The parameters: “the best time”. Beyond that, it was anyone’s guess where she would end up. After studying countless old and obscure tomes, many doubtlessly illegal (as if that could bother her now), she came to the conclusion that one way or another, parallel universe or the same, her _will_ mattered most. A return to basics, if you will, just like the wish-magic he had once patiently (or so her rose-tinted glasses chose to remember) instructed her in.

Victory. Such a meaningless concept after one lost sight of what he or she was originally fighting for in war. Bittersweet at best, unfathomably terrible at worst, something she knew all too intimately. Once hailed as a saviour-hero, now never to surpass her own false identity. She could take advantage of her fame and give in to her supposedly snake-like tendencies for cunning and deceit tempered over years of scorn ( _family not-family, an instructor who would not look past her parentage, every fearful gaze of schoolmates believing her out for their blood, accusatory cries of championship falsehood_ ).

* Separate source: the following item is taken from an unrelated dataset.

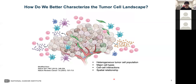The question is: how do we better characterize the complex tumor cell landscape to determine the heterogeneous tumor cell population, the major cell types, the cell-cell interactions, as well as the spatial relationships of different cells?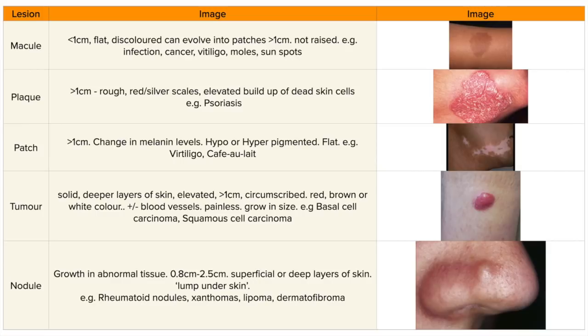Number six, we have plaques, which are greater than one centimetre with rough, red, or silver scales. They're elevated and represent a build-up of dead skin cells. Examples include psoriasis.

Or, she could do this. Whatever this was (she still didn’t know for sure, or she refused to accept it). A small but particularly petty part of her whispered at her to _get back at them for all the times they turned their backs on you_ , _toss in their faces their misconceived notions about_ what _and_ who _you are, and for the first time_ live for yourself! _You have—you know this, don’t shake your head—the_ power _._

How did it go again? Ah, yes. “ _You could be great, you know._ ” (Once upon a naïve girl, a simple statement followed by a quicker rejection, denial, despite all the signs.) Yes, if only she shed her responsibility and obligation born of associations dating back before her own birth. Her consolation: the realisation that it was all faked, all futile. Even now she wore her myriad maze of masks, under which lurked either a monster or some horrifying nothingness no man could hope to comprehend.

But what is a person if not a set of masks, polished and shined for various occasions’ use? _The best mask_ , she mused, _is the one you wear of your own choice, one that no other has laid their hand on_. She knew it was too jaded, too cynical for her, but it was all she had ever known. Grown up too fast, beyond her true age, there had always been _something_ that set her aside from her peers. Even without the influence of meddling adults, she could feel that special spark within herself that no other possessed—that is, save for _him_.

Him. Tom Riddle. _Voldemort_. Her childhood ‘imaginary’ (not so, as she soon discovered) friend and confidant, her closest family though not by blood. Maybe somewhere far up the trunks of old family trees and above existing tapestry, but it mattered little. He would die for her, _had died for her_ , and she would do the same for him.

She made up her mind, as much as one that is already set on their path is able to. She would return, and with her, he would as well. Determination coursed anew through her veins, thrumming with anticipation. She took a deep breath, savouring her last taste of her current reality.

“Farewell, new millennium; I’ll see you in some years or even a decade.” She blew out the candle and disappeared into the darkness. Around her, the world too faded as time and space twisted to the tune of her desire.

**Author's Note:**

> Written in the spur of the moment, reflects some of my feelings re: the series... admittedly it's been a while since I actually read the books. The first piece of fanfic I've written (that I've published) in and outside of the HP fandom. Will probably be mirrored on FFnet at some point.